As Cary Wolfe shows in his Ezra Pound and the Politics of Patronage, Pound s fascism turns out to be an expression of an Emersonian individualism as a precondition for a lyric economy, something close to what the critic Jed Rasula calls, in another context, an economy of attention, over and against a capital economy. Emerson writes, I guard my [lyric] moods as anxiously as a miser his money. For company, business, my own household chores untune and disqualify me for writing (cite Wolfe, 36). But Wolfes analysis also demonstrates Pounds singular failure as an administrator, his politics of patronage, as exemplified in his Patria Mia and other articles, presuming that the administration of public space was solely an aesthetic issue (the author must use his image because he sees it or feels it, not because he thinks he can use it to back up some creed or some system of ethics or economics) and not a material one.
[T]he ultimate irony and central contradiction of Pounds patronage model is that it makes the artist dependent on that very economic structure Pound deplored, only now it is not the artist but those democratic others who must pay the price commanded by the permanent [lyric mood] property of art. For the economic fact is that the capital of the patron depends upon that very economic system, and upon the exploitation of those who create its wealth and so, therefore, does the artist and the art which was supposed to be that systems antithesis. If no abstract labor, then no exchange value; if no exchange value, then no surplus value; if no surplus value, then no capital; if no capital, then no patron; and if no patron, then no free artist, no permanent aesthetic property. Under patronage, the artist isnt really independent; rather it is simply another kind of dependence dependence, in this case, upon the continued existence of an aristocracy of capital. (Wolfe, 41)
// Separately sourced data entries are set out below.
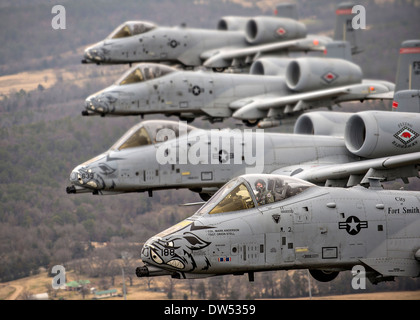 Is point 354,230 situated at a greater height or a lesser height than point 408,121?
lesser

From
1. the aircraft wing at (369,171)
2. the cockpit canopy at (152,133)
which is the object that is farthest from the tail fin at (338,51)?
the aircraft wing at (369,171)

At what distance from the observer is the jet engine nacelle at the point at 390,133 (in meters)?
28.6

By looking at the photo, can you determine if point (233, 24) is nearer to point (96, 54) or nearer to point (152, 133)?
point (96, 54)

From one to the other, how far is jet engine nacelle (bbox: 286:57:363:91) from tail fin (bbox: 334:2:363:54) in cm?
832

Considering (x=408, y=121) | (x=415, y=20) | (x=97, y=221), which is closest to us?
(x=408, y=121)

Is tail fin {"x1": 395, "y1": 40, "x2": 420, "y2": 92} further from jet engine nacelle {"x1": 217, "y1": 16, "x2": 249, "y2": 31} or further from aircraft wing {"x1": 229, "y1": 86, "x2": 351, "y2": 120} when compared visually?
jet engine nacelle {"x1": 217, "y1": 16, "x2": 249, "y2": 31}

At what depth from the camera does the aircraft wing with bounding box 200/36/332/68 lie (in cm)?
4541

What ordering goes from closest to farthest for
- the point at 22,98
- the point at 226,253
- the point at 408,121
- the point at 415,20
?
the point at 226,253
the point at 408,121
the point at 22,98
the point at 415,20

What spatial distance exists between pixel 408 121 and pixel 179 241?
11.0 meters

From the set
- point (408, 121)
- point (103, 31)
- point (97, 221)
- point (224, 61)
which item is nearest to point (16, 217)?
point (97, 221) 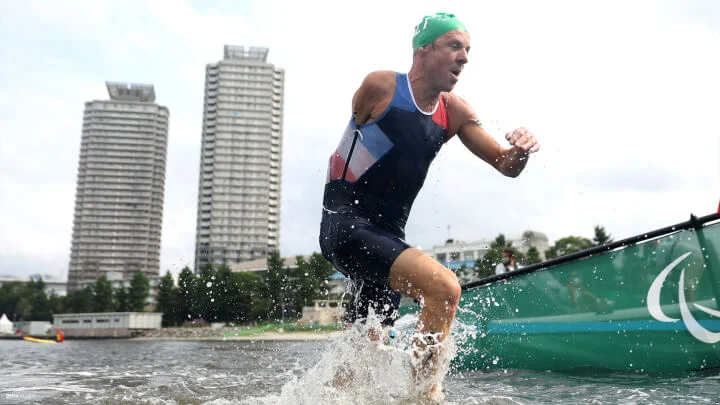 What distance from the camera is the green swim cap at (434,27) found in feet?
10.2

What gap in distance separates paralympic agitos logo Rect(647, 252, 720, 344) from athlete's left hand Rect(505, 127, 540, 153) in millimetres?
2405

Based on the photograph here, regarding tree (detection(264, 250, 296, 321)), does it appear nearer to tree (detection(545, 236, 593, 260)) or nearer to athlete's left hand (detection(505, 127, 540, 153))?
athlete's left hand (detection(505, 127, 540, 153))

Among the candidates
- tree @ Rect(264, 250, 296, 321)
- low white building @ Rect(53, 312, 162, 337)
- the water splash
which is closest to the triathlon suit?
the water splash

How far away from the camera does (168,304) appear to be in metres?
67.2

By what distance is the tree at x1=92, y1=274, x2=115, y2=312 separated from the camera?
76.1 m

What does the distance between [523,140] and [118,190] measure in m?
146

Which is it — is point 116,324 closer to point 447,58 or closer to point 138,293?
point 138,293

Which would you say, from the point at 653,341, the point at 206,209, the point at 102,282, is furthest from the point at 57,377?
the point at 206,209

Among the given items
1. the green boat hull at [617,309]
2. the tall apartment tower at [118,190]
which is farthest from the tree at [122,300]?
the green boat hull at [617,309]

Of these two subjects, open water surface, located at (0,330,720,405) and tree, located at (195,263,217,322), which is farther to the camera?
tree, located at (195,263,217,322)

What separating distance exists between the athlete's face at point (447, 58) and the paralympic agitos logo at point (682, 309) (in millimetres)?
2854

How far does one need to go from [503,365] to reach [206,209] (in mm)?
126749

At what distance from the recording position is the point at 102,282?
255ft

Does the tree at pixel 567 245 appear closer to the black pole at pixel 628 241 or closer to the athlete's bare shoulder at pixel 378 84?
the black pole at pixel 628 241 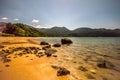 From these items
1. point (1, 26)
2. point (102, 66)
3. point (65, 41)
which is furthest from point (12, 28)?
point (102, 66)

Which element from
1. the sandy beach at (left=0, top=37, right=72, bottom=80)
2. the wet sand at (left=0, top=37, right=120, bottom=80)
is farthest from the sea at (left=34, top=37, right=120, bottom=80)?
the sandy beach at (left=0, top=37, right=72, bottom=80)

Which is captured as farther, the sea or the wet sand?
the sea

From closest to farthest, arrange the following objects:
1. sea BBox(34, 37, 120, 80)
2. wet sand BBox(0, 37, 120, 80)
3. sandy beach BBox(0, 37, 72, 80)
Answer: sandy beach BBox(0, 37, 72, 80), wet sand BBox(0, 37, 120, 80), sea BBox(34, 37, 120, 80)

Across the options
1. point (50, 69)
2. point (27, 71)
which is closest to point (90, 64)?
point (50, 69)

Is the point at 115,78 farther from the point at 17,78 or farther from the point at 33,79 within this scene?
the point at 17,78

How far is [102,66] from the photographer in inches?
376

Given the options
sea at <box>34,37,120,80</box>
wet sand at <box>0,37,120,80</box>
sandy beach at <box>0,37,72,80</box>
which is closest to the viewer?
sandy beach at <box>0,37,72,80</box>

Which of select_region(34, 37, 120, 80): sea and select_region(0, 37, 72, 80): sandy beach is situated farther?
select_region(34, 37, 120, 80): sea

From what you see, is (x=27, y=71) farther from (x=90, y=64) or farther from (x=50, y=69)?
(x=90, y=64)

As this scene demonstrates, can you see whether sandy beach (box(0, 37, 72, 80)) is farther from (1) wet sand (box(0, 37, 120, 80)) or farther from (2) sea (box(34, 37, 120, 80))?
(2) sea (box(34, 37, 120, 80))

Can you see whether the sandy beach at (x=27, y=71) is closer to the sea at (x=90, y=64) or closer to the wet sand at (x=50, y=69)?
the wet sand at (x=50, y=69)

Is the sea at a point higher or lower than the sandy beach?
lower

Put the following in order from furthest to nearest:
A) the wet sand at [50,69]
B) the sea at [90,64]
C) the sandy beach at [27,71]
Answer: the sea at [90,64] < the wet sand at [50,69] < the sandy beach at [27,71]

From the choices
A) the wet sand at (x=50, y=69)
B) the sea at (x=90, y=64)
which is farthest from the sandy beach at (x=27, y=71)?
the sea at (x=90, y=64) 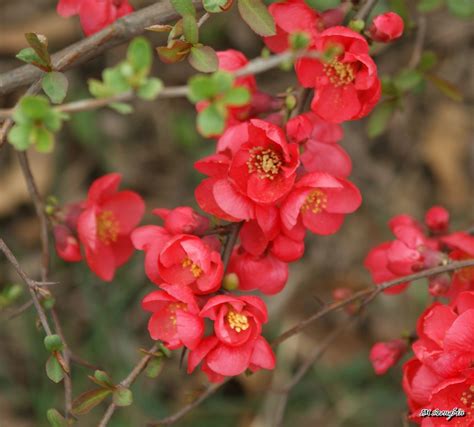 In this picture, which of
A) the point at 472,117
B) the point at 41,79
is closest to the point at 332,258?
the point at 472,117

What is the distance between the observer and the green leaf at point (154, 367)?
124 centimetres

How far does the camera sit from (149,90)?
0.88 meters

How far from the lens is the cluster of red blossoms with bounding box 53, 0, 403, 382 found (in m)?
1.17

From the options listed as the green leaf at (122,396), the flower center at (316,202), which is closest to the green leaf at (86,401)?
the green leaf at (122,396)

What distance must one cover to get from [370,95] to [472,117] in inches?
65.1

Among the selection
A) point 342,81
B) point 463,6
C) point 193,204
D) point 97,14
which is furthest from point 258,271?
point 193,204

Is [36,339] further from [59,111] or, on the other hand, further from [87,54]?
[59,111]

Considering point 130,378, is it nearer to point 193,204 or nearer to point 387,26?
point 387,26

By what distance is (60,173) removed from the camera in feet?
8.22

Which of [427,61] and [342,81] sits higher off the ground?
[342,81]

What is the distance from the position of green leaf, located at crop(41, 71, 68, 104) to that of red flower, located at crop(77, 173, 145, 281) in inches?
10.4

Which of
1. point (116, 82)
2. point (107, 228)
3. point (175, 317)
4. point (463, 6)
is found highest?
point (116, 82)

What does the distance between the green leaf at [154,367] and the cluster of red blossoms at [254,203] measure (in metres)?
0.06

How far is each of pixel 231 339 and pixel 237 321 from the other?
0.10ft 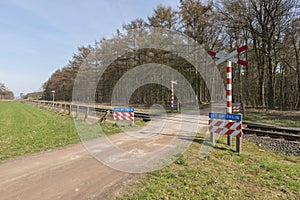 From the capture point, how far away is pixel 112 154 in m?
5.30

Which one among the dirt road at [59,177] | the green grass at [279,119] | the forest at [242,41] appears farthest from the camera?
the forest at [242,41]

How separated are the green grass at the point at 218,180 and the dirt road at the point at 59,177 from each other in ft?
1.84

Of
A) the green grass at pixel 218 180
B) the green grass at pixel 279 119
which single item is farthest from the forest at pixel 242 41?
the green grass at pixel 218 180

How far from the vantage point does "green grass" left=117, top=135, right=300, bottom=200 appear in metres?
3.23

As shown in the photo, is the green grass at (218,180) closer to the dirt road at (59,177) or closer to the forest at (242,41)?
the dirt road at (59,177)

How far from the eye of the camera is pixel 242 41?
22.0 metres

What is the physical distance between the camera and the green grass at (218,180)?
3.23m

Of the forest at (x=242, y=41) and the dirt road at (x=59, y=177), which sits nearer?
the dirt road at (x=59, y=177)

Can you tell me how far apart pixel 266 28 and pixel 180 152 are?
18.2m

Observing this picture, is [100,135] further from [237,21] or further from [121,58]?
[121,58]

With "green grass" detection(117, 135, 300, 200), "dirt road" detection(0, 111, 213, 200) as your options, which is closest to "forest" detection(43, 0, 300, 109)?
"green grass" detection(117, 135, 300, 200)

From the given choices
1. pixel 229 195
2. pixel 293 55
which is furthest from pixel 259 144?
pixel 293 55

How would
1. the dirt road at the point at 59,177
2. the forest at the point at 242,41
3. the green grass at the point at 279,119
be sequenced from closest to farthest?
1. the dirt road at the point at 59,177
2. the green grass at the point at 279,119
3. the forest at the point at 242,41

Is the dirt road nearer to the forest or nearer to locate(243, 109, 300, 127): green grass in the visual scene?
locate(243, 109, 300, 127): green grass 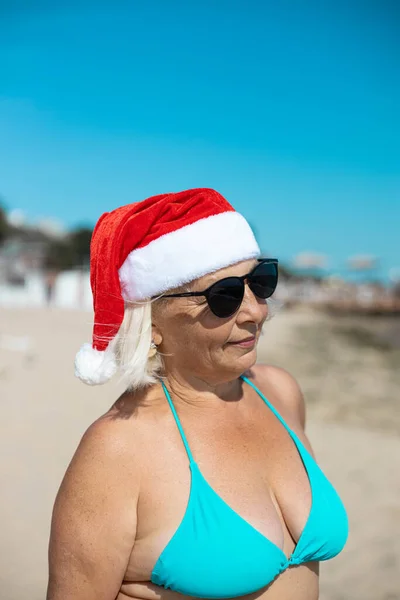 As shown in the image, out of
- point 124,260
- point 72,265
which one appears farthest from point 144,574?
point 72,265

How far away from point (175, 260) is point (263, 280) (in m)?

Pounds admiration of Mussolini stems from his misperception of the fascist dictatorship as a guarantee of permanence for the aesthetic within the social body, a way of outdistancing, in a sense, the capitalist anarchy of exchange. As administrators of capital, Monroe and Lowell were able to exploit the prank that had since ceased to matter much to Pound the newly-clad Vorticist.
Patrick
-----Original Message----- From: Carrol Cox <cbcox at ilstu.edu> To: lbo-talk at lists.panix.com <lbo-talk at lists.panix.com> Date: Monday, April 10, 2000 12:43 AM Subject: Re: Council of Canadians
>
>
>kenneth.mackendrick at utoronto.ca wrote:
>
>> Ok - what would the problem be for the Bank of Canada to buy up the loans
from
>> private institutions? Then the "public" debt would be owed to "public"
bank?
>> This is done for RRSP's (say, when you use your RRSP to purchase a
house) - why
>> can't a (theoretically democratic) national bank do the same thing? If
the gov
>> needs money, it's just stupid to go to a private institution.
>>
>> somewhat perplexed,
>> ken
>
>I think one of the economists on the list better take the time to
>answer this in some detail. Through years of reading Pound,
>Pound's critics, and some of Pound's sources I know to mly
>own satisfaction (a) how impossible this is (b) how politically
>dangerous it is and (c) how appealing it can be to someone
>outraged by conditions but not familiar enough with the
>right history and with counter-arguments.
>
>>From the *Cantos*
>
> A factory
> has also anothe aspect, which we call the financial aspect
> It gives people the power to buy (wages, dividends
> which are power to buy) but it is also the cause of prices
> or values, financial, I mean financial values
> It pays workers, and pays *for* material.
> What it pays in wages and dividends
> stays fluid, as power to buy, and this power is less,
> per forza, damn blast your intellex, is less
> than the total payments made by the factory
> (as wages, dividends AND payments for raw material
> bank charges, etcetera)
> and all, that is the whole, that is the total
> of these is added into the total of prices
> caused by that factory, any damn factory
> and there is and must be therefore a clog
> and the power to purchase can never
> (under the present system) catch up with
> prices at large,
>
> and the light became so bright and so blindin'
> in this layer of paradise
> that the mind of man was bewildered.
> (Canto XXXVIII)
>
>And, in the Pound tradition, one unclogs it with money created by
>the state, which is what Ken is proposing. But the state of course
>must be prepared to make that money be honored. Hence, from
>a later Canto:
>
> Story told by the mezzo-yit:
> That they were to have a consortium
> and one of the potbellies says:
> will come in for 12 million"
> And another: three millyum for my cut;
> And another: we will take eight;
> And the Boss [Mussolini] said: but what will you
> DO with that money?"
> "But! but! signore, you do not ask a man
> what he will *do* with his money.
> That is a personal matter.
> And the Boss said: but what will you do?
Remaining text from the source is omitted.